Don't worry, lovers, I wouldn't depress you like that. Cause starving children and kids with sad, broken faces? They make me cry. I feel bad for them, I do, but when I'm worrying about how to afford to feed my own child? Not as concerned with the kids in 3rd world countries.
Whoa, what the hell? I'm here to tell you about popcorn.
More specifically, popcorn burn. From the kernel.
I had a stroke of brilliance yesterday. I decided to say fuck the food pyramid, I want homemade stove top popcorn for dinner. Not that I don't give the food pyramid a big F U every day anyway, but whatever.
I put my awesome pot on the burner, put in some veggie oil, popcorn kernels, and put the top on. Turn the heat on. Shake it up so the kernels don't burn. I got mad popcorn skillz, yo.
Popcorn begins popping. Erflet is fascinated. It gets to the top, so I take it off the stove, pour some in the bowl, and set the pot back on the burner. I'm not an idiot. I know popcorn keeps popping after you take it off the stove. A few kernels popped out of the bowl, no big. Erflet threw them out like a good helper.

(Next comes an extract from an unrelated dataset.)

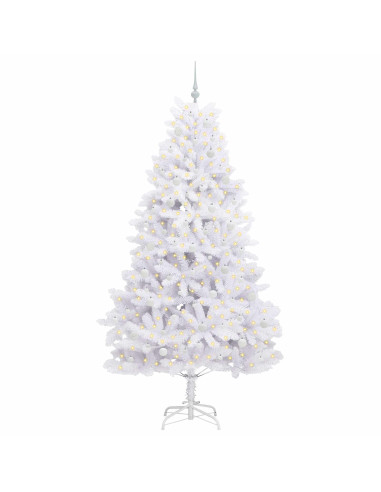 Albero di Natale Artificiale con Rami Pieghevoli Bianco 240 cm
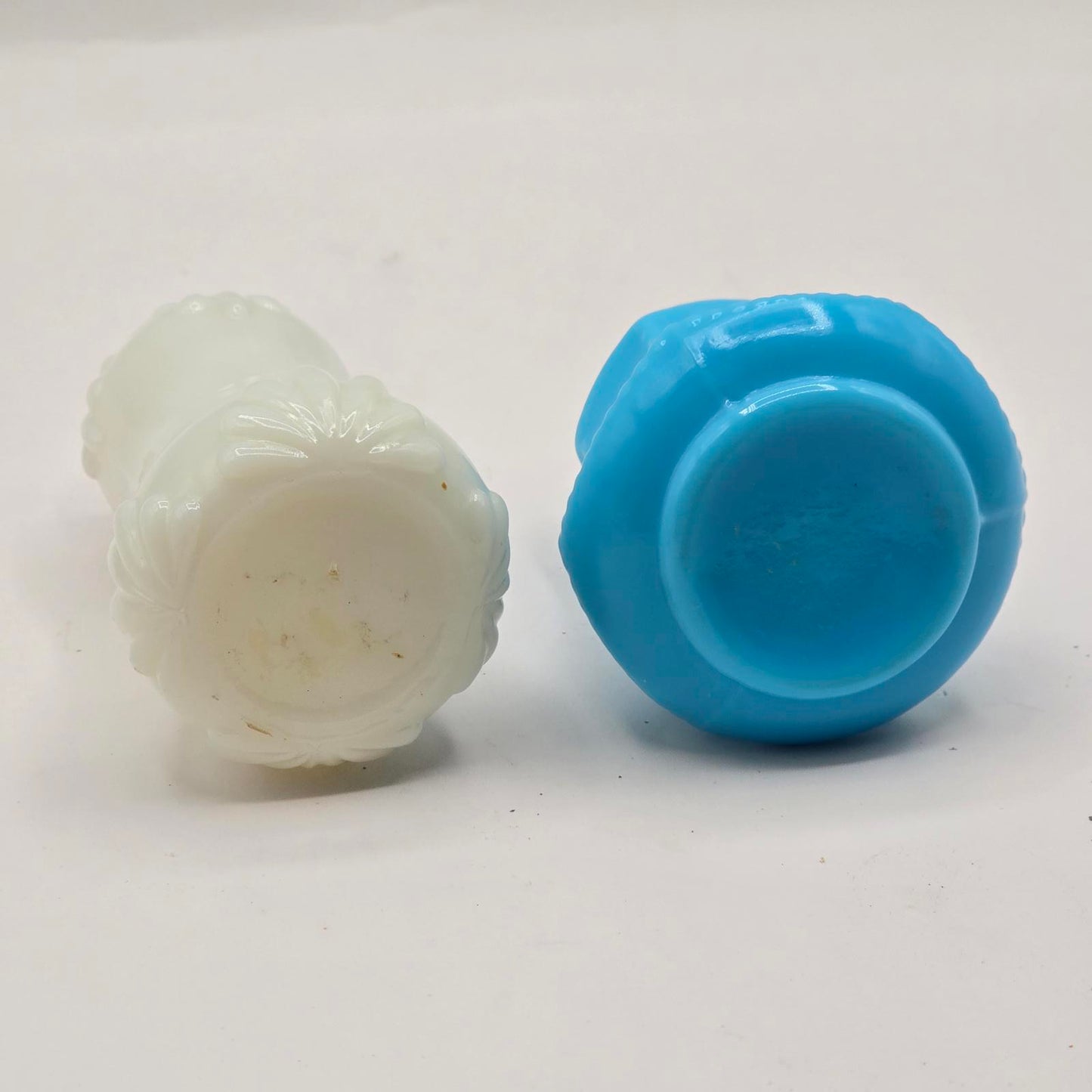 Antique EAPG Milk Glass Salt & Pepper Shakers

The popping begins to slow, so I take the pot off the burner. I take off the top, and pour the remainder in the bowl. A few kernels pop, no big.
Then an un-popped, burning kernel jumped from the bowl, and down my bra. Right down my fucking cleavage.
My breasts are irresistible, even to food.
Here, my friends, are photos I took of my cleavage (Yes, my bewbs, they're on the internets!) about 45 minutes after said burn:
You can see the trail it left down my bosom. Where it hopped on my left bewb and that big spot where it rested at the bottom of my underwire.
Close-up of the resting place. I still have a burn spot this morning.
Who wants to rub burn cream on my cleavage?!
You know you wanna. ;)
Oh, um, the PSA part!
Leave the top on until the popping of the kernels stops. Otherwise you too may get burned.
See, you thought I was just gonna stop at the bewbs! Ha!